LECO代表 内田聡一郎×Hair & Headpiece artist 光崎邦生(後編) 今、君たちが憧れている世界は、君たちが輝く未来にはもう存在しない ーVoicyスペシャル対談 ー
渋谷のヘアサロン「LECO」の代表、内田総一郎さんは音声メディアVoicy(ボイシー)で「soucutsの美容師ラジオ」という番組を運営しています。今回のゲストはリスナーからの熱い要望に応え、Hair & Headpiece artistとして異彩を放つ光崎邦生さん。ロンドンやニューヨークを拠点に活動していたこともある破天荒な人物です。まだ何者でもなかった時代から交流があったという二人の熱い対談を前編・後編に分けてお届けします。今回は後編です。

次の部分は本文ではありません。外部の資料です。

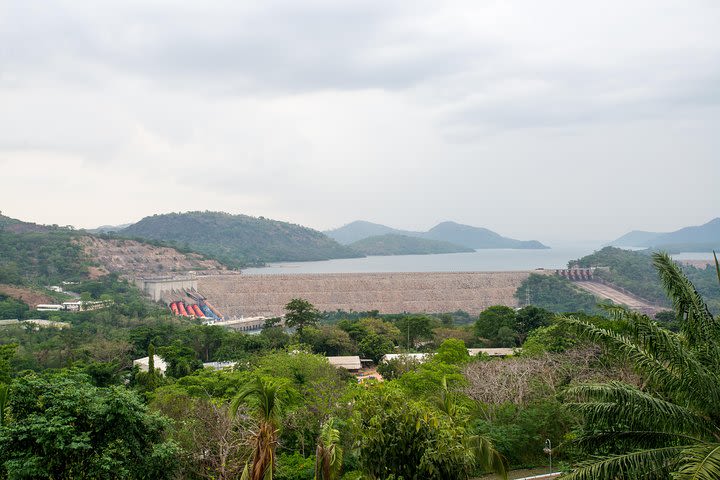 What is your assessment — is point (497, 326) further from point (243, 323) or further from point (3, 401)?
point (3, 401)

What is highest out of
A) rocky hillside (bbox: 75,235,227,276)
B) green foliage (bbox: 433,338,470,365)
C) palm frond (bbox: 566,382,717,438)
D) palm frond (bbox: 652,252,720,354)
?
rocky hillside (bbox: 75,235,227,276)

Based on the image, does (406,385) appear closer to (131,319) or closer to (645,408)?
(645,408)

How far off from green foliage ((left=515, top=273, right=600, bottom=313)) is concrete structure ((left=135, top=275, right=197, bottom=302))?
42.8 meters

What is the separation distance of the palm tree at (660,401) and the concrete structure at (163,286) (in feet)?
233

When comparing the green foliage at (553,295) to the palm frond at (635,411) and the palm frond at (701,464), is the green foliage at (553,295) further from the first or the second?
the palm frond at (701,464)

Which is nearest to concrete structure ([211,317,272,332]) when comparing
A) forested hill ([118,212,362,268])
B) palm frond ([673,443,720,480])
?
palm frond ([673,443,720,480])

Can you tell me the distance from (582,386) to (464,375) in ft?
37.0

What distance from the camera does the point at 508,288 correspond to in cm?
7444

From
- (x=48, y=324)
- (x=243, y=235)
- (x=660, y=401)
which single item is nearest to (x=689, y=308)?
(x=660, y=401)

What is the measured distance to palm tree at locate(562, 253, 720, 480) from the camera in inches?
240

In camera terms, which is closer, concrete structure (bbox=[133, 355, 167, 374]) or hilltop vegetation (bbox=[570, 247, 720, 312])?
concrete structure (bbox=[133, 355, 167, 374])

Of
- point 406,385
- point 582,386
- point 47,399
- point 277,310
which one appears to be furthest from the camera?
point 277,310

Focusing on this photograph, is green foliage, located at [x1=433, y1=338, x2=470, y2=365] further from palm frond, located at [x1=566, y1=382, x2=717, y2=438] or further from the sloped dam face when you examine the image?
the sloped dam face

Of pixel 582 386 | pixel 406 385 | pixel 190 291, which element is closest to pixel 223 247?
pixel 190 291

「僕は人よりもめちゃくちゃ手を動かすようにしている」(光崎)
内田:邦生くんの作品はいつ見ても最高にドキドキする。アーティストにつけるヘッドピースとか一体どんな発想でつくってるんだろうって思うんだけど、どこから降りてくるの?
光崎:僕は人よりもめちゃくちゃ手を動かすようにしていて。それこそ美容室みたいに鏡がある空間だったら、鏡を見ながらつくる。視線の先はモデルさん。触りながらバランスを探る。
内田:じゃあ、同じものはつくれない?
光崎:つくれない。
内田:本当にオートクチュールなんだ。
光崎:家でマネキンを何時間触っていても、結局当日のモデルさんの顔やスタイリングの服などによってバランスが変わってくる。360度、どこから見られてもいいように意識しているから、めちゃくちゃ手を動かす。ヘアスタイリストって横顔が1番の見せどころだと思ってて。正面より髪の面積が広くてボリュームもあるし。最近、guidopalau(ヘアスタイリスト )のInstagramを見ていても、写真が全部横向きなんだよね。
内田:俺も見ているけど、確かにそうだわ。
光崎:だから、横に鏡があるスタジオでは鏡をめちゃくちゃ見るし、鏡を横に置けるときは置いてる。ファッションの撮影の場合はどこを撮られるかわからないし、後で言い訳できないから。
内田:美容師のシューティングはこっちがイニシアティブを握って、撮りたい角度を伝えられるけれど、ヘアメイクの場合はフォトグラファーが握ってるもんね。「え、そっちを撮るの?」みたいなことが絶対あるじゃん。
光崎:あるね。
内田:だからどこで切り取ってもいいようにつくらなきゃいけないってことだよね。
光崎:自分はこの角度がいいと思っていても、別角度から撮られることがありすぎて、もうそのことに対して何にも思わない。でも、自分がベストだなと思う角度はある。例えば、斜め45度がいいとか。何も言わなくてもそれを汲み取ってもらえたときはうれしいね。
内田:撮ってほしい角度は伝えないの?
光崎:「こっちもいいよ」みたいな伝え方をすることもあるけど、最初からお願いすることはないかな。
内田:それが現場で強くなっていく方法なんだろうね。